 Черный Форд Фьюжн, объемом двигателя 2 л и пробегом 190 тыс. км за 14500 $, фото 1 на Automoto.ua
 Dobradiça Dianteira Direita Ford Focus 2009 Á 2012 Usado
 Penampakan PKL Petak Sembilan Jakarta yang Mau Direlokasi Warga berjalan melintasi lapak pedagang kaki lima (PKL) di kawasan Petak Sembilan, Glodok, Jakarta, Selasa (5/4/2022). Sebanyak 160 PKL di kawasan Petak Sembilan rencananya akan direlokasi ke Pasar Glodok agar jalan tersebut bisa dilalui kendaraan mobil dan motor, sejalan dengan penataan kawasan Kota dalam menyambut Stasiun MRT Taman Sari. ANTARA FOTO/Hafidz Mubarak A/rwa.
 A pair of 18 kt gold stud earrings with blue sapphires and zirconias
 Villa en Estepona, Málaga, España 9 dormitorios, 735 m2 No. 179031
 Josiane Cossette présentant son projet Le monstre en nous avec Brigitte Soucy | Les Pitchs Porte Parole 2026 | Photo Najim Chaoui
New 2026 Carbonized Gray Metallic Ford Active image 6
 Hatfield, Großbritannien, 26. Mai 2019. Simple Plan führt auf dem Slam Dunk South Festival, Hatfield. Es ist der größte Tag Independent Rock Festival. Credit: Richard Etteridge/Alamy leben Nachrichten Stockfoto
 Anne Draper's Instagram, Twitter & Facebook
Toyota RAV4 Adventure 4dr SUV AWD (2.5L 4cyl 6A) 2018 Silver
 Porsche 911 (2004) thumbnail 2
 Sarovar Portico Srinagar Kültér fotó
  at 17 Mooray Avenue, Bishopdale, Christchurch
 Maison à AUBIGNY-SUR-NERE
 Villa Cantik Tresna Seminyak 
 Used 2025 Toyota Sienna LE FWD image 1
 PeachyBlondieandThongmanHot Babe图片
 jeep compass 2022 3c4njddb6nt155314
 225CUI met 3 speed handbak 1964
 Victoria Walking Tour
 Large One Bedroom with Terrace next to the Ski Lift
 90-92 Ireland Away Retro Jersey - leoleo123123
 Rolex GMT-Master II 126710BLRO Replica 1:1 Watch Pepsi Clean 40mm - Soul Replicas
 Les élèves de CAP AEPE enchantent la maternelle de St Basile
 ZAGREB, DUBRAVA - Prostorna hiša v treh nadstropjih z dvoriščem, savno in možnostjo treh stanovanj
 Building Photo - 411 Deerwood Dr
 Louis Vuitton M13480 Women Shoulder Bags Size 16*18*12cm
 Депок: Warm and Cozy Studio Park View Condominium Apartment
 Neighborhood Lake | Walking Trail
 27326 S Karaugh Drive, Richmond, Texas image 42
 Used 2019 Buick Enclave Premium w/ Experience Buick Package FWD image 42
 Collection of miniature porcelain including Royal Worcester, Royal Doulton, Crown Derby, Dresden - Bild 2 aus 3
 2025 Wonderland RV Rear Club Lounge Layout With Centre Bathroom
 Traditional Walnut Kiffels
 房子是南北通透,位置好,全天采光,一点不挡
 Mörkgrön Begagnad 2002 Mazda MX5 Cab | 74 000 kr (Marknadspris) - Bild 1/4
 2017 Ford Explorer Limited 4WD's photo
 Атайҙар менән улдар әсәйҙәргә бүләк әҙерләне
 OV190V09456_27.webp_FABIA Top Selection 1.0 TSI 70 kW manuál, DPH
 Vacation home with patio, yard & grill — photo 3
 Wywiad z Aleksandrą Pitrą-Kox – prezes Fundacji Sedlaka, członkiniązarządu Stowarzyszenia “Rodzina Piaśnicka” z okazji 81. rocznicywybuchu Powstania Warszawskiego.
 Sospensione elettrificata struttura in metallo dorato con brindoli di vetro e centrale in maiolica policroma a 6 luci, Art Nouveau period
----------
* WORK TASK
When you reach the line holding "Josiane Cossette présentant" in the records above, begin reproducing exactly, stop after the line holding "Villa Cantik Tresna Seminyak", and output nothing else.

* ANSWER TO THIS TASK
 Josiane Cossette présentant son projet Le monstre en nous avec Brigitte Soucy | Les Pitchs Porte Parole 2026 | Photo Najim Chaoui
New 2026 Carbonized Gray Metallic Ford Active image 6
 Hatfield, Großbritannien, 26. Mai 2019. Simple Plan führt auf dem Slam Dunk South Festival, Hatfield. Es ist der größte Tag Independent Rock Festival. Credit: Richard Etteridge/Alamy leben Nachrichten Stockfoto
 Anne Draper's Instagram, Twitter & Facebook
Toyota RAV4 Adventure 4dr SUV AWD (2.5L 4cyl 6A) 2018 Silver
 Porsche 911 (2004) thumbnail 2
 Sarovar Portico Srinagar Kültér fotó
  at 17 Mooray Avenue, Bishopdale, Christchurch
 Maison à AUBIGNY-SUR-NERE
 Villa Cantik Tresna Seminyak 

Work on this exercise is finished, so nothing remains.